In lieu of recording the ISO standard conditions, a worst case ISO
correction factor can be calculated using historical ambient data. For
the purpose of this calculation, substitute the maximum humidity of
ambient air (Ho), minimum ambient temperature
(Ta), and minimum combustor inlet absolute pressure
(Po) into the ISO correction equation. By using worst case
parameters in this equation, the owner/operator can ensure compliance
in all situations without having to continuously monitor temperature,
humidity and pressure. Several case-by-case determinations performed by
EPA have accepted this methodology as an alternative to continuous
monitoring of atmospheric conditions.
No data generated using the data substitution methodology in 40 CFR
part 75 may be used. Instead, these periods of missing data are
identified and summarized in the excess emissions and monitoring report
required in 40 CFR 60.13. For turbines using NOX CEMS, we
have defined excess emissions as any unit operating hour during which
the 4-hour rolling average NOX concentration exceeds the
applicable emission limit.
The averaging time selected for combustion turbine NOX
CEMS to define the periods of excess emissions is a period of 4 hours
averaged each hour. The 4-hour period is representative of the overall
elapsed time in a typical EPA Method 20 of 40 CFR part 60, appendix A,
source test. This period has been found adequate to represent the
performance of combustion turbine NOX emissions and
NOX emission control systems. The 4-hour period is a
relatively short averaging time compared to 24-hour and monthly
averaging times used for other types of combustion devices to account
for the NOX emissions variability, particularly in solid
fuels. Combustion turbines typically use natural gas or No. 2
distillate oil, which have a relatively uniform fuel nitrogen content,
therefore, a relatively short averaging time such as 4 hours is
appropriate. An averaging time of 1 hour was also considered but was
rejected since 4 hours more closely represent the typical duration of a
combustion turbine stack test and includes the ability to account for a
small amount of nitrogen variability.
A 1-hour period was selected as the recurring (rolling) period for
which the 4-hour averages are calculated since it is already required
to be reported under 40 CFR part 75 and is convenient and appropriate
to use.
We are allowing the use of NOX CEMS as an alternative to
continuously monitoring fuel consumption and water or steam to fuel
ratio because the majority of new turbines do not rely on water
injection for NOX control. Therefore, for those turbines,
the monitoring originally required by subpart GG is not appropriate.

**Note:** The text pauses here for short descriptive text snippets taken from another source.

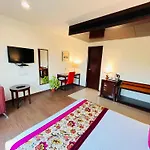 Corus Hotel & Banquets - Sector 14, Gurgaon Couple Friendly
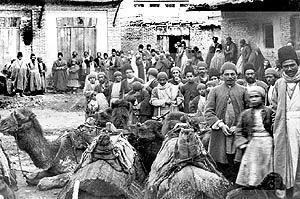 اسکان نیوز: 🔻 مفهوم "بچه محل" چگونه در تهران شکل گرفت؟ در دوران قاجار، در حالی که حدود ۲۰ درصد جمعیت ایران در شهرها زندگی میکردند ا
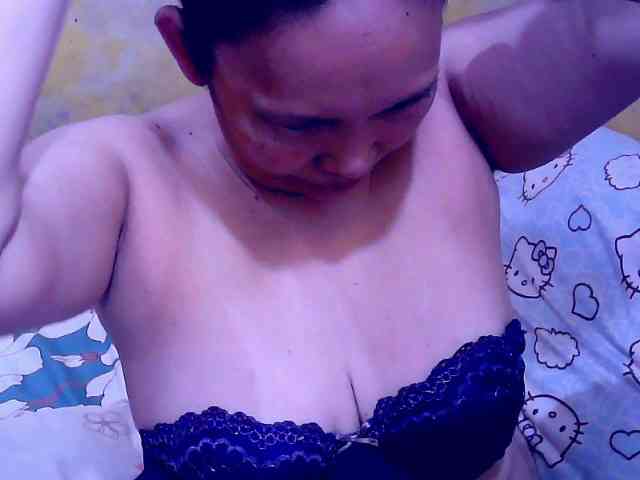 SweetMonlight webcam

The use of a NOX CEMS will show compliance with the
NOX standard of subpart GG over all operating ranges.
Additionally, many of the units affected by subpart GG are already
required to install and certify CEMS for NOX under other
requirements, such as the acid rain monitoring regulation in 40 CFR
part 75, or through conditions in various permit requirements. To
reduce the burden on these units, we are allowing the use of CEMS units
that are certified according to the requirements of 40 CFR part 75. The
40 CFR part 75 testing procedures to certify the CEMS are nearly
identical to those in 40 CFR part 60, and 40 CFR part 75 has rigorous
quality assurance and quality control standards. We, therefore, believe
it is appropriate to allow the use of 40 CFR part 75 CEMS data for
subpart GG compliance demonstration. A definition of unit operating
hour, which includes the concepts of ``full'' and ``partial'' operating
hours, is needed to clarify how to validate an hour when using CEMS and
for the purpose of defining excess emissions, deviations, and periods
of monitor downtime.
B. Optional Fuel-Bound Nitrogen Allowance
The NOX emission standard in 40 CFR 60.332 includes a
NOX emission allowance for fuel-bound nitrogen. The use of
this allowance for fuel-bound nitrogen will be optional upon
promulgation of the direct final rule. Owners or operators will be able
to choose to accept a value of zero for the NOX emission
allowance. The NOX emission limitations in many State
permits are much more stringent than those of subpart GG. Many turbines
are required by their permits to be fired only with pipeline quality
natural gas, which is almost free of fuel-bound nitrogen. Therefore,
these facilities are not likely to use the fuel-bound nitrogen credit.
C. Frequency of Fuel Nitrogen and Sulfur Content Sampling
Several revisions to the sampling frequency requirements for fuel
nitrogen content and fuel sulfur content are being made.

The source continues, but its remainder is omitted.